Task directions
Transcribe, without any alteration, only the lines that begin at the line containing "KIDS PREFERRED Disney" and run to the last line below.

* * * * * * *

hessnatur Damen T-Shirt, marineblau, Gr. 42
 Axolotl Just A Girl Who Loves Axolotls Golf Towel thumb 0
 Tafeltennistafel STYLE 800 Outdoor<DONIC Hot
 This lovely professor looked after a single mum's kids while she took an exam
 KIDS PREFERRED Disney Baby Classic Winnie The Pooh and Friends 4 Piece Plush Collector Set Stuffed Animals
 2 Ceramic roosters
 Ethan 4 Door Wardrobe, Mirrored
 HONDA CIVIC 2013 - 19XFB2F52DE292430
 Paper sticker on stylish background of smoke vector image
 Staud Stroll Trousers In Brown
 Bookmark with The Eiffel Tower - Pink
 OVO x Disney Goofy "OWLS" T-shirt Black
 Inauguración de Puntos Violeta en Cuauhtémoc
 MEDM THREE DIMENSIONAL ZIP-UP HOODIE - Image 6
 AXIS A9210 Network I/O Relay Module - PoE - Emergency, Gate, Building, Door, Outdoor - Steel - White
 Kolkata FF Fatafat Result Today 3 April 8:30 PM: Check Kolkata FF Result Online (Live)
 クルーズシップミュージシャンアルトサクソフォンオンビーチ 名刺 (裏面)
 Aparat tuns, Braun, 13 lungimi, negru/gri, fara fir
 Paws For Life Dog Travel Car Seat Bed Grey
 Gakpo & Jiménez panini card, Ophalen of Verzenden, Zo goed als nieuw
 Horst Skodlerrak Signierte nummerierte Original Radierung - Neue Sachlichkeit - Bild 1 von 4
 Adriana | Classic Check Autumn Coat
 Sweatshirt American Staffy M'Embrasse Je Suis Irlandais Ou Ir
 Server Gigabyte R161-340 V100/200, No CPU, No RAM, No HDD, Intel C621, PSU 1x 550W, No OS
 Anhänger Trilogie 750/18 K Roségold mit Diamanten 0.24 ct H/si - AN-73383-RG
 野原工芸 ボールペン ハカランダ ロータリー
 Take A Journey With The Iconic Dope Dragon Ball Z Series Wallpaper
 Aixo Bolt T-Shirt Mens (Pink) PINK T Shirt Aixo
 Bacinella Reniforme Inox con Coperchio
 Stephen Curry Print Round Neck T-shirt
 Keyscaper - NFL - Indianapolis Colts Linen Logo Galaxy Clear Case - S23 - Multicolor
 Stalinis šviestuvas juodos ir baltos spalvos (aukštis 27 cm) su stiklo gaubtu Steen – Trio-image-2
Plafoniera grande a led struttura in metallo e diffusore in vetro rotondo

* * * * * * *

Exercise response
 KIDS PREFERRED Disney Baby Classic Winnie The Pooh and Friends 4 Piece Plush Collector Set Stuffed Animals
 2 Ceramic roosters
 Ethan 4 Door Wardrobe, Mirrored
 HONDA CIVIC 2013 - 19XFB2F52DE292430
 Paper sticker on stylish background of smoke vector image
 Staud Stroll Trousers In Brown
 Bookmark with The Eiffel Tower - Pink
 OVO x Disney Goofy "OWLS" T-shirt Black
 Inauguración de Puntos Violeta en Cuauhtémoc
 MEDM THREE DIMENSIONAL ZIP-UP HOODIE - Image 6
 AXIS A9210 Network I/O Relay Module - PoE - Emergency, Gate, Building, Door, Outdoor - Steel - White
 Kolkata FF Fatafat Result Today 3 April 8:30 PM: Check Kolkata FF Result Online (Live)
 クルーズシップミュージシャンアルトサクソフォンオンビーチ 名刺 (裏面)
 Aparat tuns, Braun, 13 lungimi, negru/gri, fara fir
 Paws For Life Dog Travel Car Seat Bed Grey
 Gakpo & Jiménez panini card, Ophalen of Verzenden, Zo goed als nieuw
 Horst Skodlerrak Signierte nummerierte Original Radierung - Neue Sachlichkeit - Bild 1 von 4
 Adriana | Classic Check Autumn Coat
 Sweatshirt American Staffy M'Embrasse Je Suis Irlandais Ou Ir
 Server Gigabyte R161-340 V100/200, No CPU, No RAM, No HDD, Intel C621, PSU 1x 550W, No OS
 Anhänger Trilogie 750/18 K Roségold mit Diamanten 0.24 ct H/si - AN-73383-RG
 野原工芸 ボールペン ハカランダ ロータリー
 Take A Journey With The Iconic Dope Dragon Ball Z Series Wallpaper
 Aixo Bolt T-Shirt Mens (Pink) PINK T Shirt Aixo
 Bacinella Reniforme Inox con Coperchio
 Stephen Curry Print Round Neck T-shirt
 Keyscaper - NFL - Indianapolis Colts Linen Logo Galaxy Clear Case - S23 - Multicolor
 Stalinis šviestuvas juodos ir baltos spalvos (aukštis 27 cm) su stiklo gaubtu Steen – Trio-image-2
Plafoniera grande a led struttura in metallo e diffusore in vetro rotondo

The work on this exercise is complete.